→ ACTIVITY: Using the material below, repeat exactly the lines from the one with "Elegante, von der" through the one with "Orangide Halloween Ghost", ends included, without any images.

→ THE DATA:
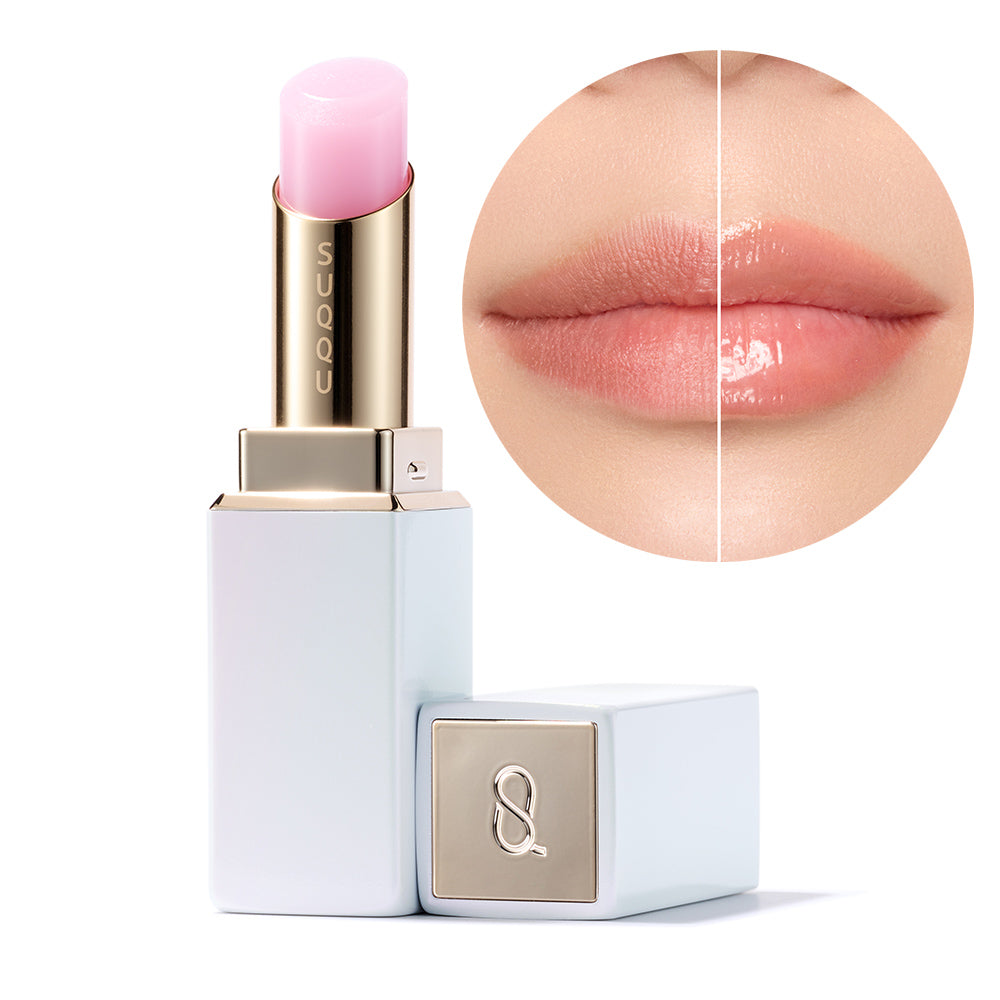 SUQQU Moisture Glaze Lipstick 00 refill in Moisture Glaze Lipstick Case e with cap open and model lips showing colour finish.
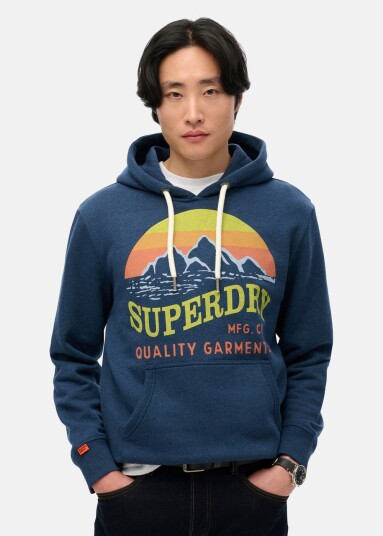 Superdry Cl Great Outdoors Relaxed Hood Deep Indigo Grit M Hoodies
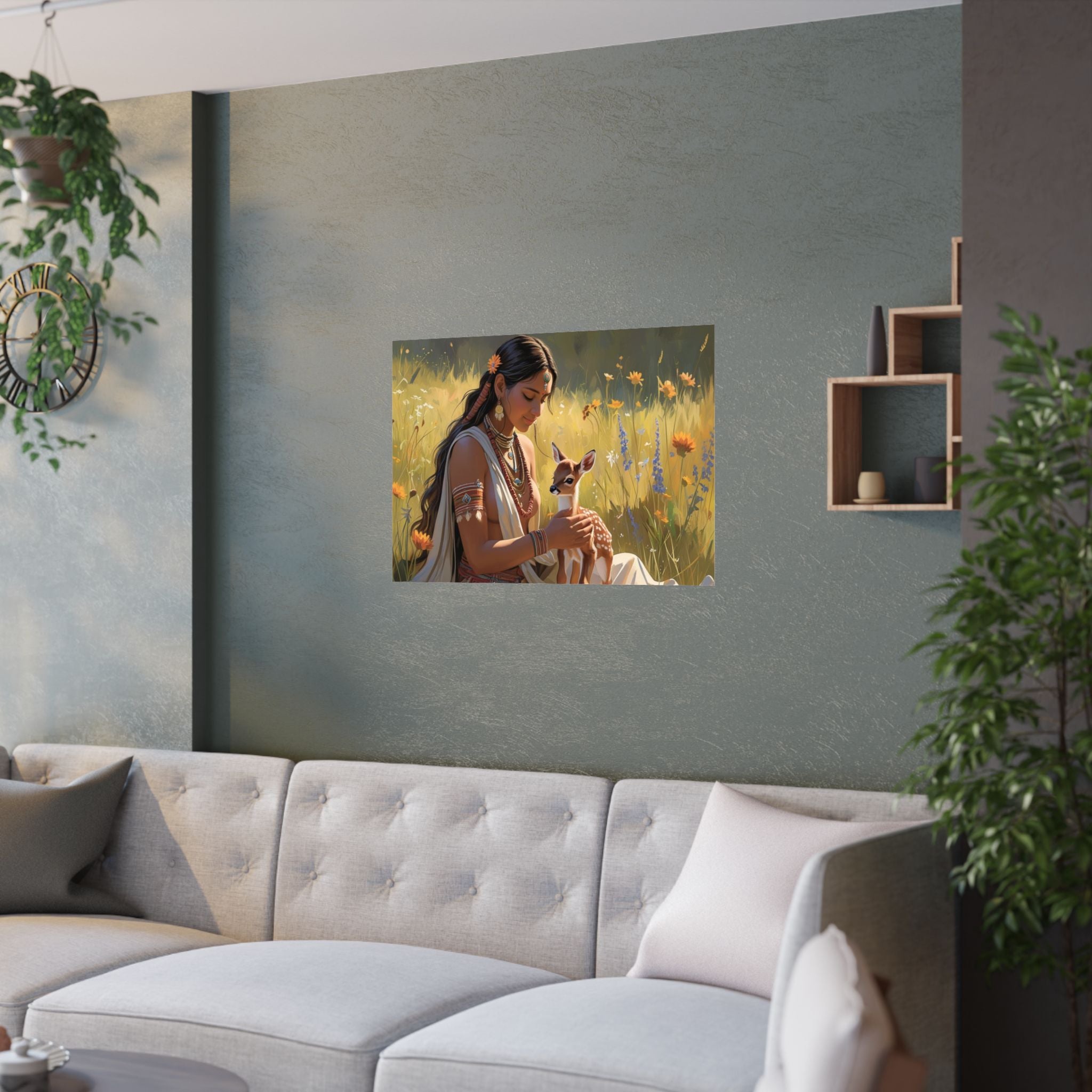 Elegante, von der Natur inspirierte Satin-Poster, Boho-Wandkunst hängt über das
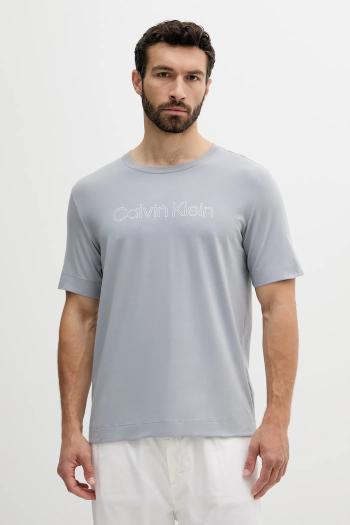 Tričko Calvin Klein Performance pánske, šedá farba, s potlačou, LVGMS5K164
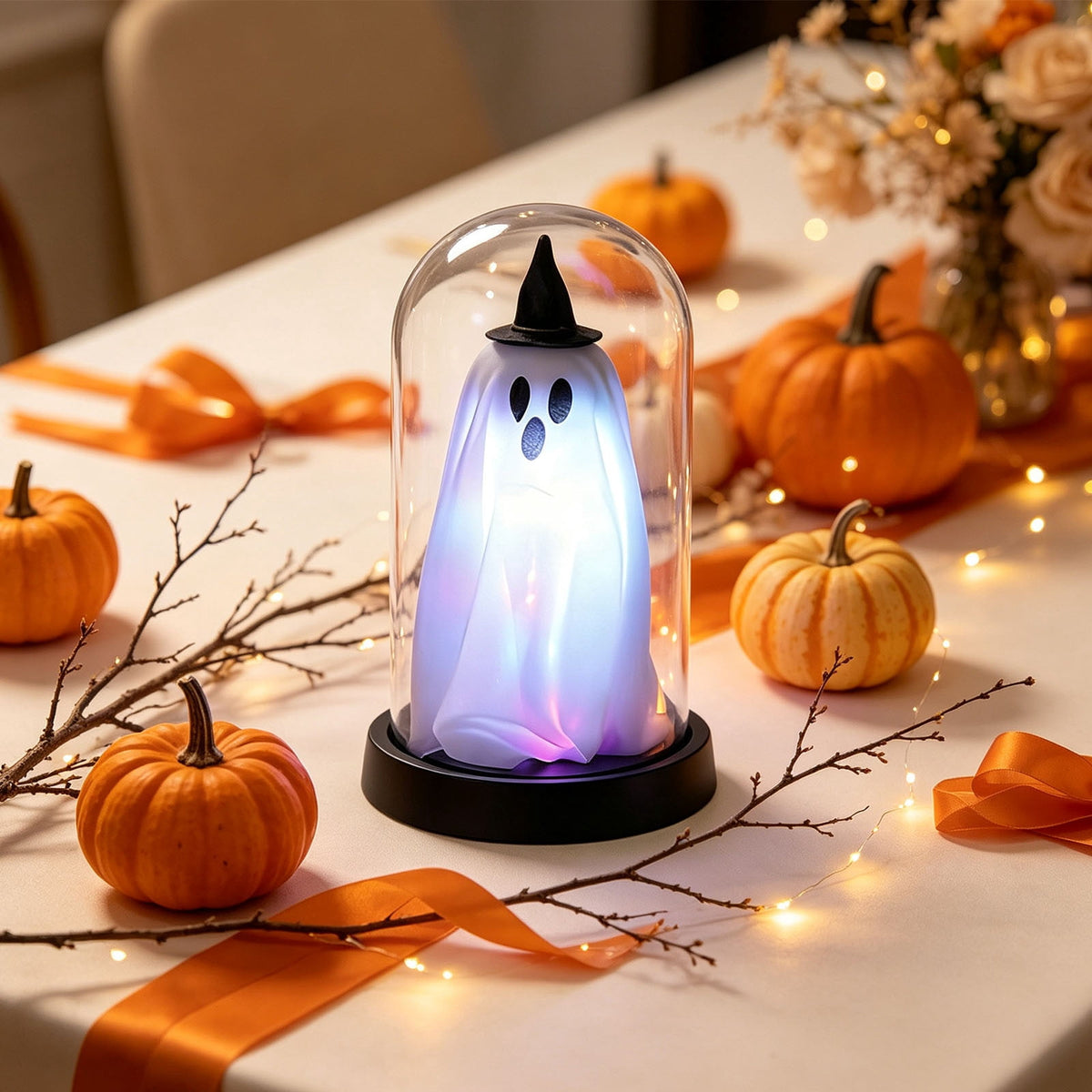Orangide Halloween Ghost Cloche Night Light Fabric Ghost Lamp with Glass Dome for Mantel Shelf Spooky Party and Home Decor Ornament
==
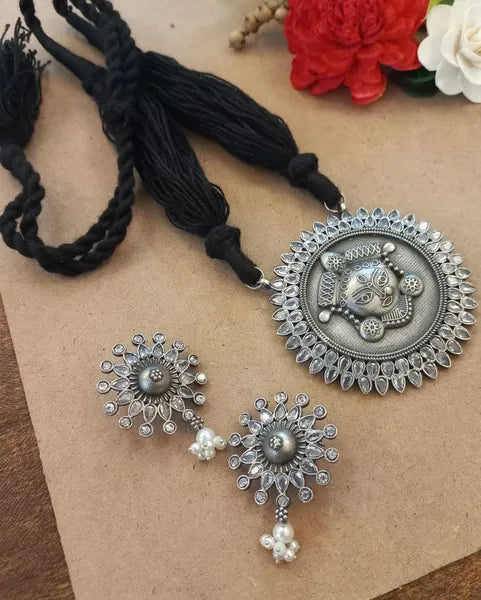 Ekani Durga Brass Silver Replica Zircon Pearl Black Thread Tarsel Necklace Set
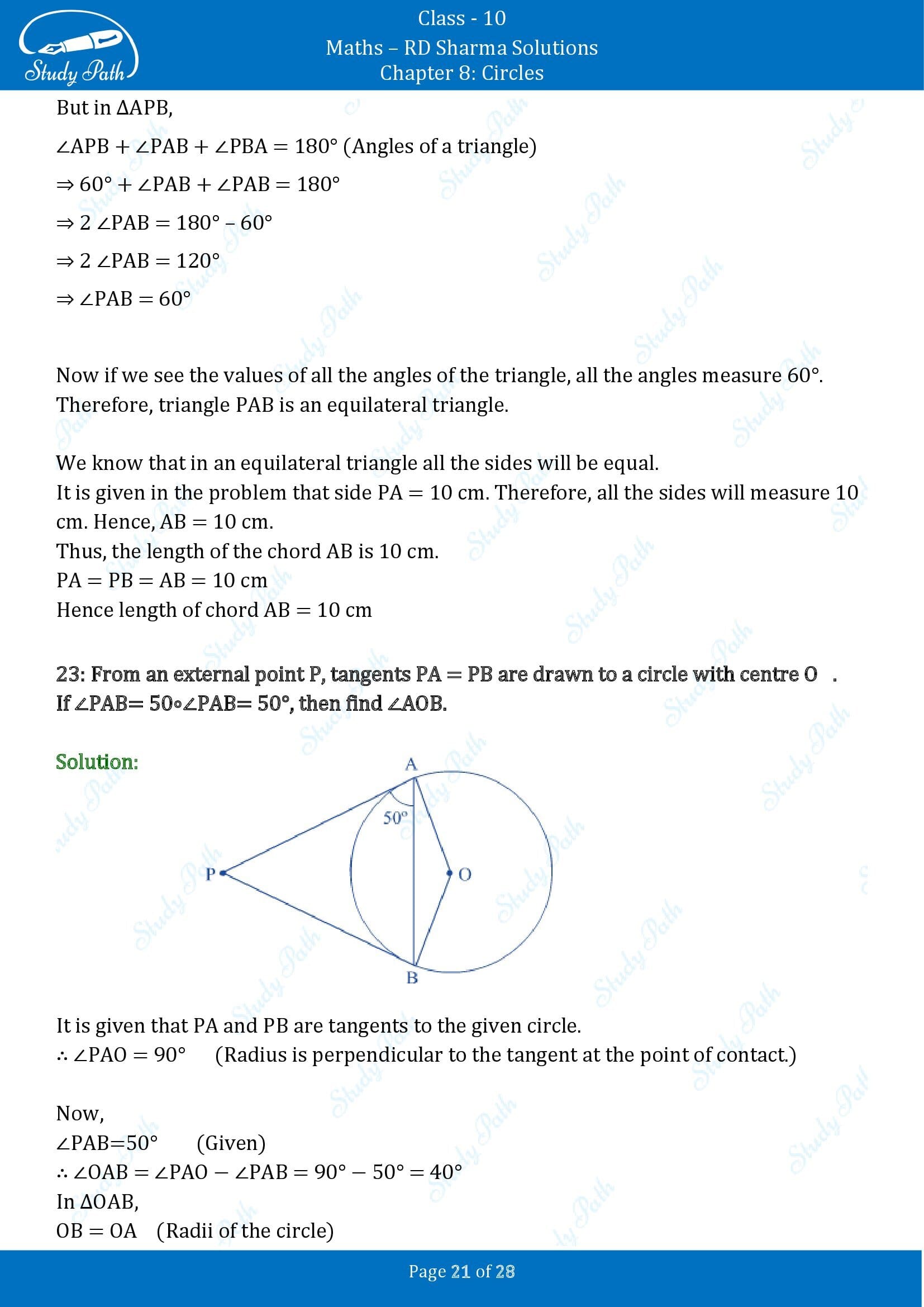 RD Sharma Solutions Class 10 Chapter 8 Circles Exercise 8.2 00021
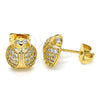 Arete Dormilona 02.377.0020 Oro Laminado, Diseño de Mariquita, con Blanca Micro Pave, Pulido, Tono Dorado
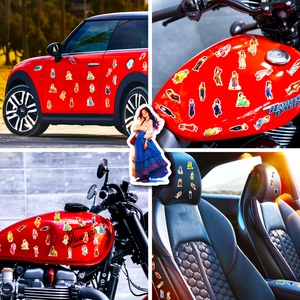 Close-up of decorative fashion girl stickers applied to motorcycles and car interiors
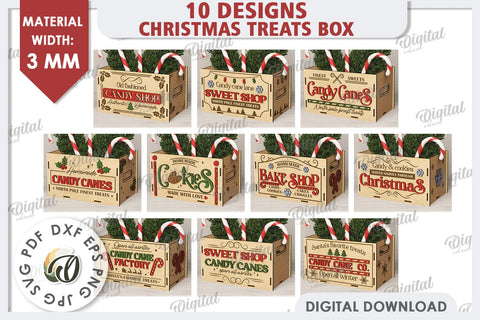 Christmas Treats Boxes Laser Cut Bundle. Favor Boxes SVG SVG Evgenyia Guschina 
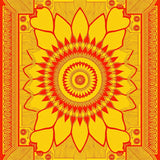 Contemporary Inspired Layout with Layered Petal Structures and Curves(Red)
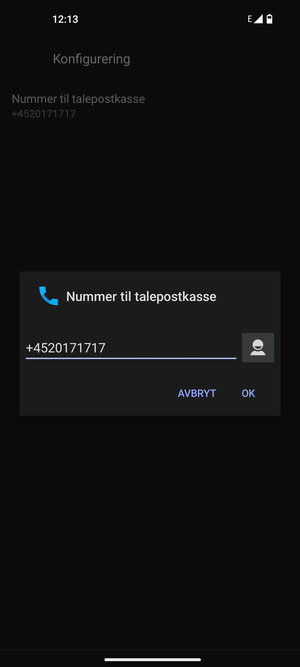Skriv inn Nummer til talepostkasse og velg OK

→ ANSWER SECTION:
 Elegante, von der Natur inspirierte Satin-Poster, Boho-Wandkunst hängt über das
 Tričko Calvin Klein Performance pánske, šedá farba, s potlačou, LVGMS5K164
Orangide Halloween Ghost Cloche Night Light Fabric Ghost Lamp with Glass Dome for Mantel Shelf Spooky Party and Home Decor Ornament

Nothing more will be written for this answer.